Allowing for Commercial Register entries to be made on a specific date

Starting from 1 January 2024, companies are given the option of reserving a business name for up to six months. Upon reserving a business name, a company must state the field of activity of the company in which it wishes to use the business name as well as the legal format of the company, and these cannot be changed later in the course of the reservation.

In justified cases, companies can also request that an entry be made in the Commercial Register on a specific date. This can, for instance, be done when it is necessary for a merger to enter into force on a specific date and there would be enough time to determine whether there are any deficiencies in the application or the entry can be made on the desired date.

An application for making an entry on a specific date can only be filed with regard to the amendment of data, not in the case of applications for first entry.

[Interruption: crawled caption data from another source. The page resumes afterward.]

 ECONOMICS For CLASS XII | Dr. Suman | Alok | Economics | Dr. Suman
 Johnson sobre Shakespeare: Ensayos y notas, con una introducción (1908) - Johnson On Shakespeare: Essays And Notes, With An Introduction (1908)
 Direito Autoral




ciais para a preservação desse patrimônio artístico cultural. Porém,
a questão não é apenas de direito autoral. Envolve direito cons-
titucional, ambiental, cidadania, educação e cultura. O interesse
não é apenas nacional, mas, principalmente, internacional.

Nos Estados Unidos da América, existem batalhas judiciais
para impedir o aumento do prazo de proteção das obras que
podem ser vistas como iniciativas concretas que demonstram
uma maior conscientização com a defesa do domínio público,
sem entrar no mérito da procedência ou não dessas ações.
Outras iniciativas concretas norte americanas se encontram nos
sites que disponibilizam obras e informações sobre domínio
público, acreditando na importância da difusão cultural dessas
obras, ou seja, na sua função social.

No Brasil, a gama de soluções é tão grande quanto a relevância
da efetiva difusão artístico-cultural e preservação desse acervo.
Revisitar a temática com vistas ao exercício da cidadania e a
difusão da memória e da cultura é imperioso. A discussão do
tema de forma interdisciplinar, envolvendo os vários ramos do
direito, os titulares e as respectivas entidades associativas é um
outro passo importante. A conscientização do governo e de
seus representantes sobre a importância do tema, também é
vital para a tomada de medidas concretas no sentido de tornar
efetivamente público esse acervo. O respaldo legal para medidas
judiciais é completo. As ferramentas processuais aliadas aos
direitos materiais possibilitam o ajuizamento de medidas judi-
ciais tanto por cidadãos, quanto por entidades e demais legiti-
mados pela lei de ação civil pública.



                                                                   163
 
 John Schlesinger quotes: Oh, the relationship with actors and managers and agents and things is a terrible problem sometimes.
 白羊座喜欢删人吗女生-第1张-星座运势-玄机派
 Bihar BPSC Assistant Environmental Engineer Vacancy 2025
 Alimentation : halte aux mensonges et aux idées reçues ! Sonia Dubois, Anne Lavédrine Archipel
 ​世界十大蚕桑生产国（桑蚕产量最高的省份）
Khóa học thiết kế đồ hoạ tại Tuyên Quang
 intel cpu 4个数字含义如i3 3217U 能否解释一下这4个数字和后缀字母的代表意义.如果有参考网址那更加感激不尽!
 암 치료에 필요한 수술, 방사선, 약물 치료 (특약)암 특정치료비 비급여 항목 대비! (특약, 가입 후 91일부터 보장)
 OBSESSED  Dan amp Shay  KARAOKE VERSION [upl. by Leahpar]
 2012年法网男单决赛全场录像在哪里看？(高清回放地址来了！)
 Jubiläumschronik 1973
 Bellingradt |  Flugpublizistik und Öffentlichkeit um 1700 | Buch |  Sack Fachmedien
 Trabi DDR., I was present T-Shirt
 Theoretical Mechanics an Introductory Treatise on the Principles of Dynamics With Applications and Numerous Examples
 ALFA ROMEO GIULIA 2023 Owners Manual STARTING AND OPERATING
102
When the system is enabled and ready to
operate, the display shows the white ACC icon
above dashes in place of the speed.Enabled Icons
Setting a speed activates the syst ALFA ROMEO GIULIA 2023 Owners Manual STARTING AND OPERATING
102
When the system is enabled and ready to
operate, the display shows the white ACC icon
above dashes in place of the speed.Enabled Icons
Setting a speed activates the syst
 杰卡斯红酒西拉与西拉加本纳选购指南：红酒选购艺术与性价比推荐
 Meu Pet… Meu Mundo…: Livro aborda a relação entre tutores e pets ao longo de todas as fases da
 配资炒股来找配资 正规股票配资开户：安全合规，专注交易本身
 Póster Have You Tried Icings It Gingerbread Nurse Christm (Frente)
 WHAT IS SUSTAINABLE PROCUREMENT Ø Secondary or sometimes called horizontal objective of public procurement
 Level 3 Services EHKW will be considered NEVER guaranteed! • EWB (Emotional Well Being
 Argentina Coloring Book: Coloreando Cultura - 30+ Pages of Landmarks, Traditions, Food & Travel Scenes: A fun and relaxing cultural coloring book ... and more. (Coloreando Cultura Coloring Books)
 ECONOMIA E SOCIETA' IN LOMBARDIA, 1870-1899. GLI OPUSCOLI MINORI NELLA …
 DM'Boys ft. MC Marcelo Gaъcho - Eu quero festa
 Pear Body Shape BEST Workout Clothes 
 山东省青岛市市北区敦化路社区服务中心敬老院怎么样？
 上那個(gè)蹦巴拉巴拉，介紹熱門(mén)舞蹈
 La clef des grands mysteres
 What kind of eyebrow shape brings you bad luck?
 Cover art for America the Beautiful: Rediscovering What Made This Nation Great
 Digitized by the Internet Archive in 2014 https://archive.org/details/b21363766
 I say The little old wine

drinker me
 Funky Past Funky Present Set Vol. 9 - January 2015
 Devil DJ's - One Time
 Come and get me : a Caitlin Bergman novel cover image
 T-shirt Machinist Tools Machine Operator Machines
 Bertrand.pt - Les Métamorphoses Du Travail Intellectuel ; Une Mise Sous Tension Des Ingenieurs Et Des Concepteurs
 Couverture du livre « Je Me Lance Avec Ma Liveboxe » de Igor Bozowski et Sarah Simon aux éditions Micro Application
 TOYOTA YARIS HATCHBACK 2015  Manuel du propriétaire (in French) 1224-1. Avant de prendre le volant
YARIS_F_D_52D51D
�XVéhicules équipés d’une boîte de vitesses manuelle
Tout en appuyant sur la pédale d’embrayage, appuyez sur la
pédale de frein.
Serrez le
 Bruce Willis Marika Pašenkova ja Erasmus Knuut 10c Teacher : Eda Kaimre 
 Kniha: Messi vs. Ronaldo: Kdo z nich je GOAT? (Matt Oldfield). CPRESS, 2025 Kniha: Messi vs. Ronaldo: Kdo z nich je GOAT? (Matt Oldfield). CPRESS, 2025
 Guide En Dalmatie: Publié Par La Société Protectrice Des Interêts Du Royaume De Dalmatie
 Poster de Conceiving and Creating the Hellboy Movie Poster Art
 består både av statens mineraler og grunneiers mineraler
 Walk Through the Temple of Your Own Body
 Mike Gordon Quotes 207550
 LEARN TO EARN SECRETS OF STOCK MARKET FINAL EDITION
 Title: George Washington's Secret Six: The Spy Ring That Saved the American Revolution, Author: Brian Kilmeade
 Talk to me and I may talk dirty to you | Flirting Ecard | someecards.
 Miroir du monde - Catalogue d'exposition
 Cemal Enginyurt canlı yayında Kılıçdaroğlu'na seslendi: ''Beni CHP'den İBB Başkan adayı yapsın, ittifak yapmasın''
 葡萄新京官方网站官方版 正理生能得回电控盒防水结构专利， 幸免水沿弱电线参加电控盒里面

The state fee for reserving a business name will be 150 euros, which will not be returned upon the cancellation of the business name reservation.

Restoration in the Register after the deletion of a person from the Register

Pursuant to the amendments to be entered into force, the registrar may delete a legal person from the Register faster and by way of a simplified procedure, such as in the case of a failure to submit an annual report or absence of a contact person. For instance, upon a failure to submit an annual report, the legal person may be deleted from the Register at the earliest after three months have passed from the term for the submission of the report. A legal person may also be deleted from the Register if it has failed to appoint the mandatory contact person. In the future, companies are obligated to appoint a contact person by a specific term. The term can be extended if it has expired; otherwise, the contact person will be automatically removed from the Register.

A legal person can be restored to the Register on the basis of a relevant application for the purposes of both continuing its activities and conducting liquidation proceedings, if it turns out that the deleted person did have assets. Restoration to the Register is possible within three years from the deletion from the Register, if the person was deleted due to a failure to submit an annual report or due to an absence of a contact person (compulsory dissolution). In other cases, if the company subjected to compulsory dissolution did have assets and it wishes to complete the procedures related to the assets, the company can be restored to the Register for completing the procedures. This is called additional liquidation and, in such cases, there is no term for restoration to the Register.

If a legal person is restored to the Register, the expiration of the claims filed against it is suspended from its deletion from the Register until its restoration to the Register.

Other major amendments

The amendments revoke the requirement that the net assets (own equity) of a private limited company must be at least as big as the amount of the minimum share capital of a private limited company as established by law.

The amendments exclude the time limitation (of two months) on the distribution of a public limited company being liquidated, if the public limited company only has one shareholder or the public limited company itself is the other shareholder.

A branch of a foreign company will no longer be obligated to appoint a contact person – this will be voluntary. A branch of a foreign company will be obligated to enter the Estonian address of the branch in the Register, as the formerly applicable requirement to appoint a contact person if the head of the branch his located in a foreign country is waived.

The creation of group rules will specify the liability of management board members and stipulate the cases in which the management board of a subsidiary is not liable for the damage caused in the fulfilment of the parent company.

The requirement that the place of residence of at least one liquidator must be in Estonia will be abolished; the respective requirement will also not apply to management board members who often act as liquidators.